> **MATERIAL SUPPLIED**
┌────────

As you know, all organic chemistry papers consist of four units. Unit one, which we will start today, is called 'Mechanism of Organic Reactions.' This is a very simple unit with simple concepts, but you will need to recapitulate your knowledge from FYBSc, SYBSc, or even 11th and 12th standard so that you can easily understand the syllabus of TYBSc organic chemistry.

└────────
┌────────

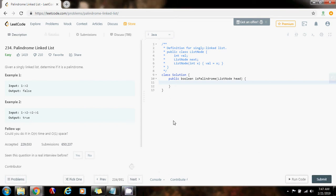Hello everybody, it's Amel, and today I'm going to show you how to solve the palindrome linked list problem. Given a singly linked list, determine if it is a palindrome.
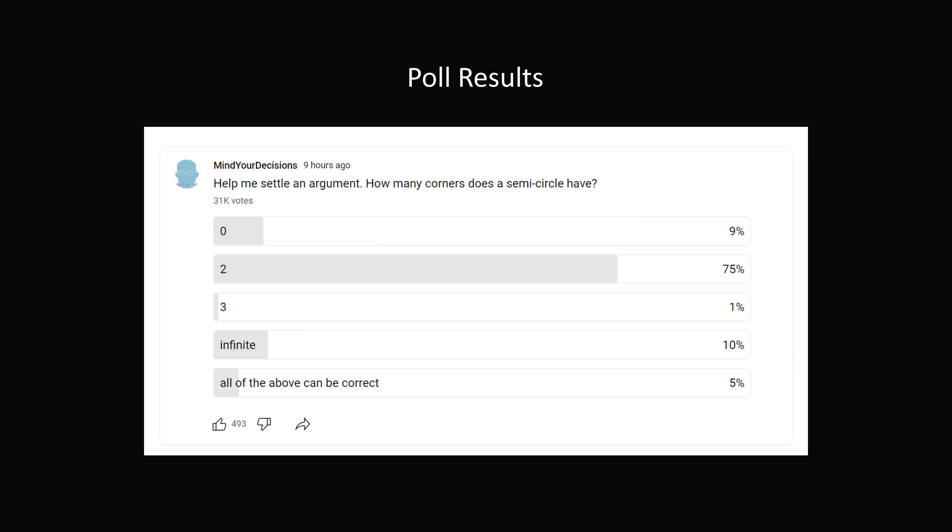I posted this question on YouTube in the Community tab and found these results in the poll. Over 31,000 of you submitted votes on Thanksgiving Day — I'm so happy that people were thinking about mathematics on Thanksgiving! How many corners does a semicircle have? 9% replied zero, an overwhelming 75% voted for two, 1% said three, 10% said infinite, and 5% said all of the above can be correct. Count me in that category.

└────────

> **WHAT TO PRODUCE**
Return exactly the part of the listing above that opens with the line containing "Hello everybody, it's" and closes with the line containing "I posted this". Pictures stay out.

> **OUTPUT OF THE TASK**
Hello everybody, it's Amel, and today I'm going to show you how to solve the palindrome linked list problem. Given a singly linked list, determine if it is a palindrome.
I posted this question on YouTube in the Community tab and found these results in the poll. Over 31,000 of you submitted votes on Thanksgiving Day — I'm so happy that people were thinking about mathematics on Thanksgiving! How many corners does a semicircle have? 9% replied zero, an overwhelming 75% voted for two, 1% said three, 10% said infinite, and 5% said all of the above can be correct. Count me in that category.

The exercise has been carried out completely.